What is needed:
Exactly as they appear, retype the lines from the one containing "we19022f 2 465873" through the final line of the data below. Leave pictures out.

(Entries taken from a collection)
*** Block opens ***
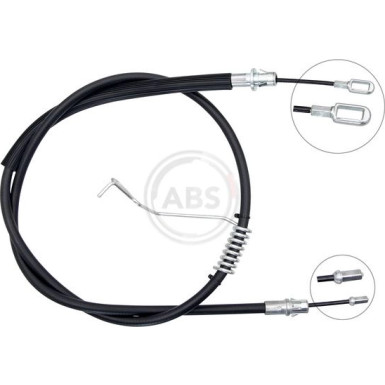 A.B.S. Handbremsseil Seilzug Festellbremse K14023 A.B.S. Handbremsseil Seilzug Festellbremse K14023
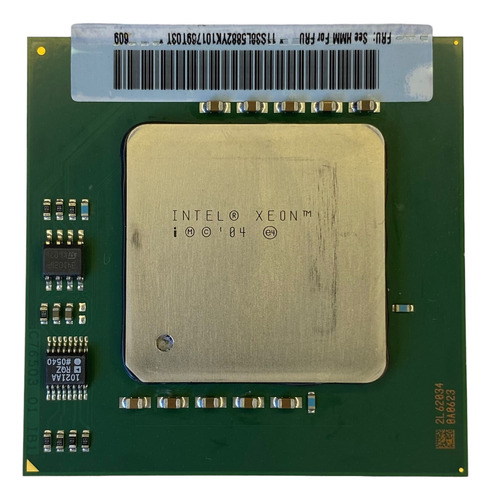 Processador Intel Xeon Sl8un 3.66 Ghz Comp. Power Edge 6800 (Usado)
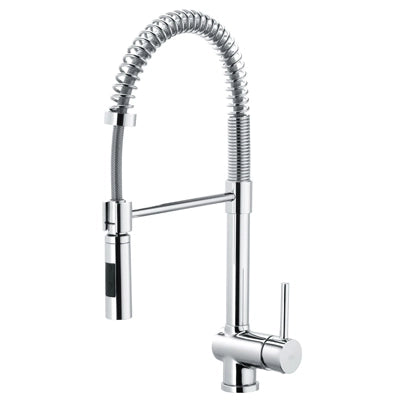 MISC. LAVELLO CON MOLLA E DOCCIA ESTRAIBILE STICK- Cromo- PAFFO- pezzi 1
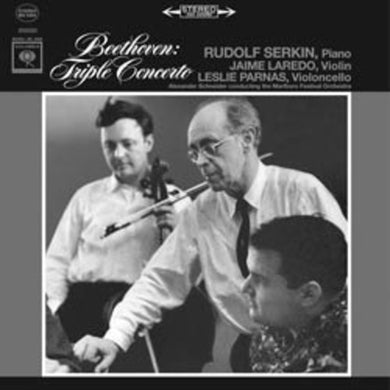 Beethoven / Serkin, Rudolf: Triple Concerto (Vinyl LP)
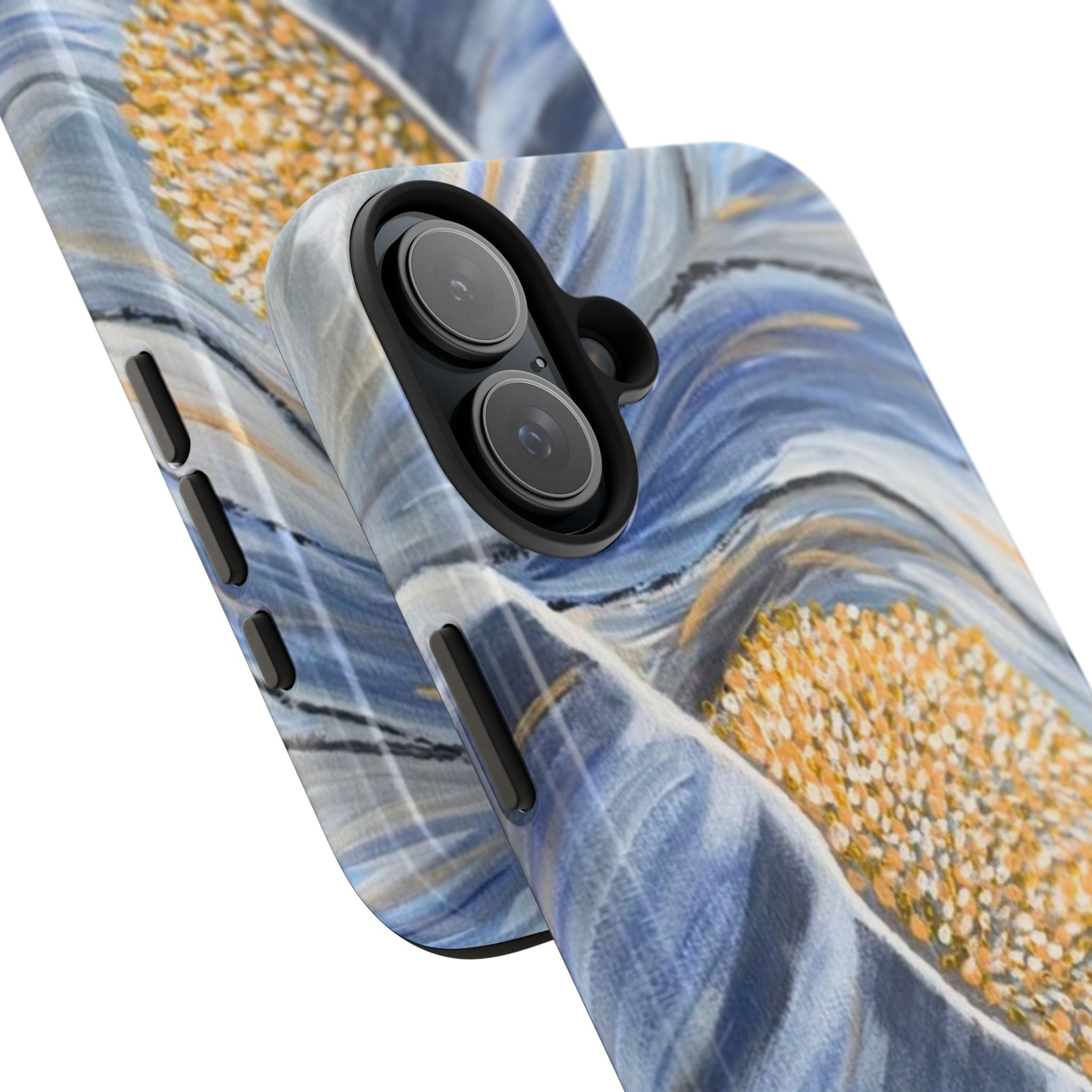 Velvet Current Phone Case Hand Painted
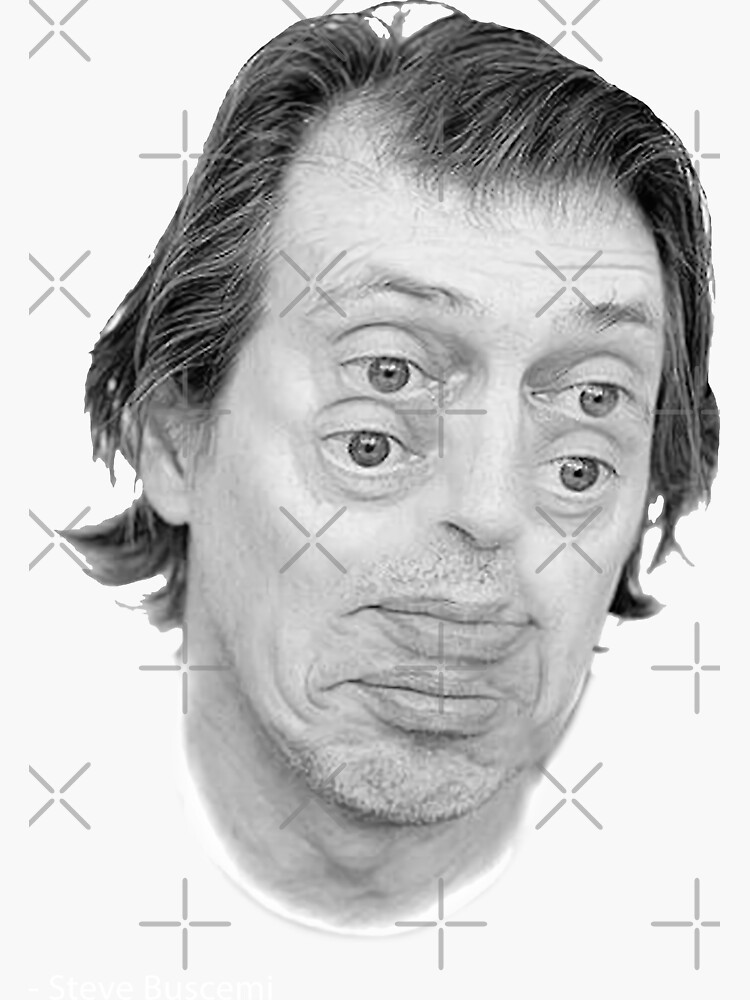 Steve Buscemi Eyes Women Vintage Trending Unisex Trending Good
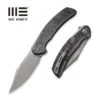 WEKNIFE Snick Flipper Knife Titanium Handle With Carbon Fiber Inlay (3.47" CPM 20CV Blade) WE19022F-2 -WE KNIFE Sales weknife snick flipper knife titanium handle with carbon fiber inlay 347 cpm 20cv blade we19022f 2 465873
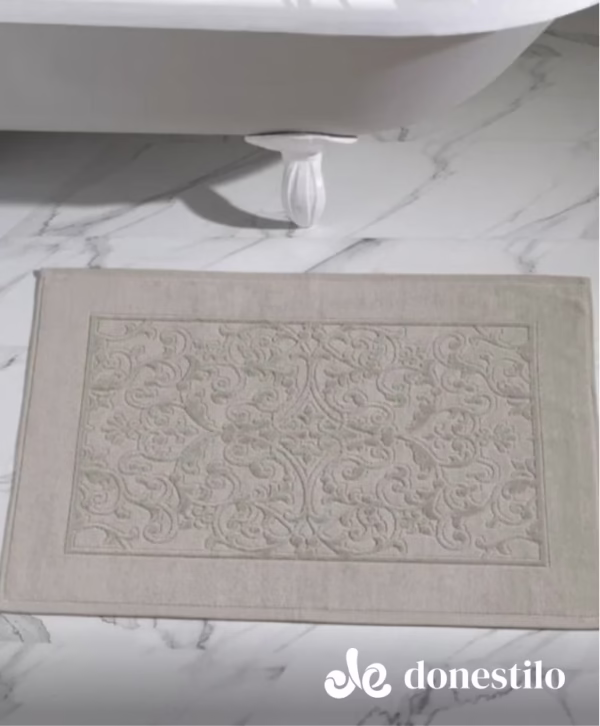 Imagen para Tapete de Banheiro Döhler Confort FJ6408 70X50 cm Caqui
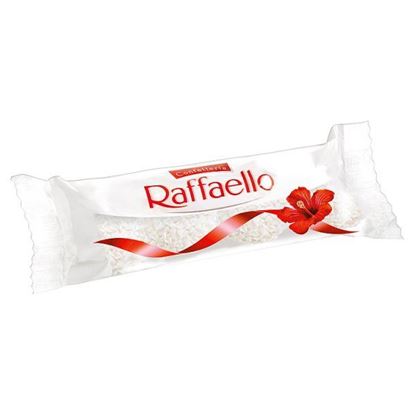 Raffaello Chrupiący wafelek z kokosem i całym migdałem w środku 40 g
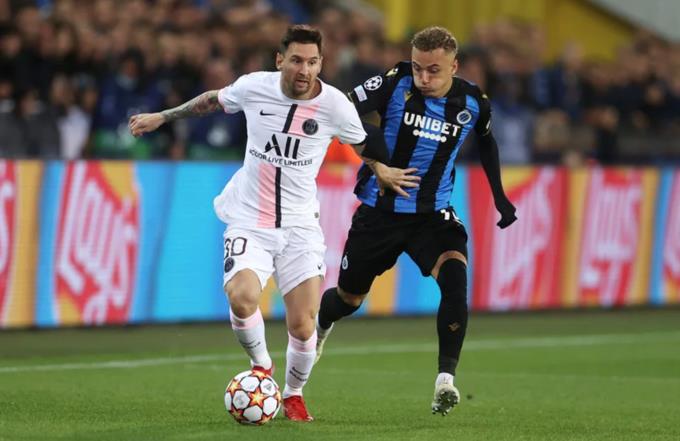 PSG bị cầm chân trong ngày Messi đá chính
*** Block closes ***
The completed task:
 WEKNIFE Snick Flipper Knife Titanium Handle With Carbon Fiber Inlay (3.47" CPM 20CV Blade) WE19022F-2 -WE KNIFE Sales weknife snick flipper knife titanium handle with carbon fiber inlay 347 cpm 20cv blade we19022f 2 465873
 Imagen para Tapete de Banheiro Döhler Confort FJ6408 70X50 cm Caqui
 Raffaello Chrupiący wafelek z kokosem i całym migdałem w środku 40 g
 PSG bị cầm chân trong ngày Messi đá chính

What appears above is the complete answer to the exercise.